In contrast, the following day, the Staff addressed a proposal in the second Goldman letter that:
"the board report to shareholders the risk management structure, staffing and reporting lines of the institution and how it is integrated into their business model and across all the operations of the company's business lines."
Given the role that risk played in the collapse of so many Wall Street firms - and the issues that Goldman has had to address with the SEC - I think some might have expected the Staff to take the position that this proposal raises significant policy issues. But not so as the Staff allowed the exclusion, noting that:
"There appears to be some basis for your view that Goldman Sachs may exclude the proposal under rule 14a-8(i)(7), as relating to Goldman Sachs' ordinary business operations. We note that the proposal relates to the manner in which Goldman Sachs manages risk.We further note that the proposal addresses matters beyond the board's role in the oversight of Goldman Sachs' management of risk."

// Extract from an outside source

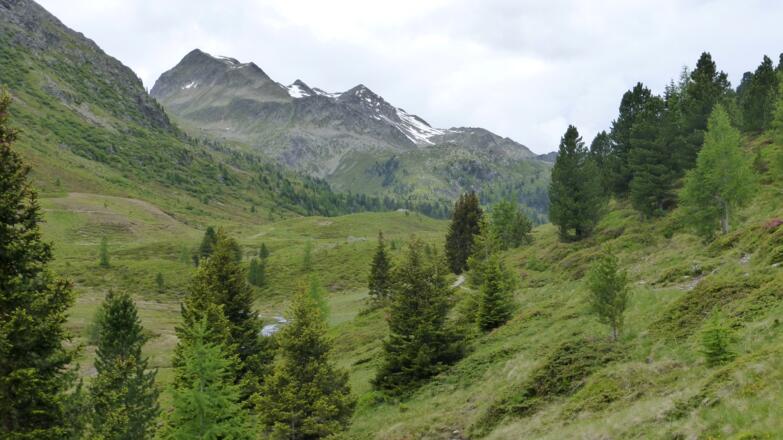 Zwischen Obersee und Staller Alm
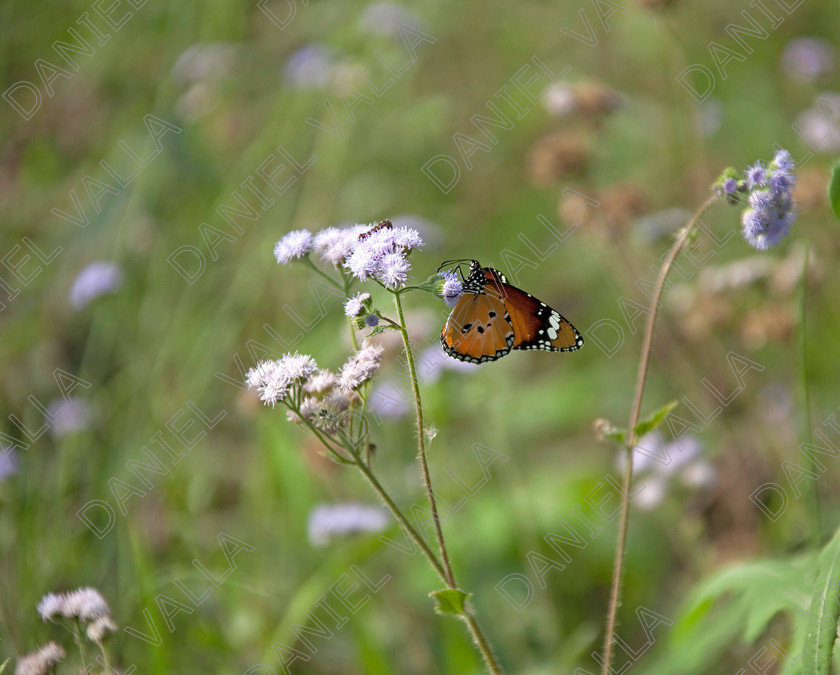 93213 Nepal-Butterfly 
 Female Plain Tiger Butterfly (Danaus chrysippus) feeding on flower 
 Keywords: butterfly tiger flower orange nepal wildlife papillon lepidoptera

So a shareholder proposal for a report on climate change risk management, taking into account "the political, legislative, regulatory, and scientific landscape," must be included even though it is far from certain that it will have any effect on Goldman at all. In contrast, we do know quite a lot about the impact of financial risk management on systemically important institutions like Goldman, all it bad news for investors, but that proposal stays out.
The first proposal came from an ecomentalist outfit, which is obviously less concerned with the return on its investment than with using that investment as a soapbox to spout the climate change gospel. Although the second came from one of those Catholic orders that usually pushes social proposals, this proposal actually relates to real financial/investment concerns.
If you were an investor, which proposal would you think was relevant to your investment? If you were an investor, would you want your investment taxed so that some ecomentalist with a few shares can force the company to solicit proxies on this proposal at company expense?
Once again, I argue that the SEC and courts should ask whether a reasonable shareholder of this issuer would regard the proposal as having material economic importance for the value of his shares. This standard is based on the well-established securities law principle of materiality. It is intended to exclude proposals made primarily for the purpose of promoting general social and political causes, while requiring inclusion of proposals a reasonable investor would believe are relevant to the value of his investment. Such a test seems desirable so as to ensure that an adopted proposal redounds to the benefit of all shareholders, not just those who share the political and social views of the proponent. Absent such a standard, the shareholder proposal rule becomes nothing less than a species of private eminent domain by which the federal government allows a small minority to appropriate someone else’s property—the company is a legal person, after all, and it is the company’s proxy statement at issue—for use as a soap-box to disseminate their views. Because the shareholders hold the residual claim, and all corporate expenditures thus come out of their pocket, it is not entirely clear why other shareholders should have to subsidize speech by a small minority.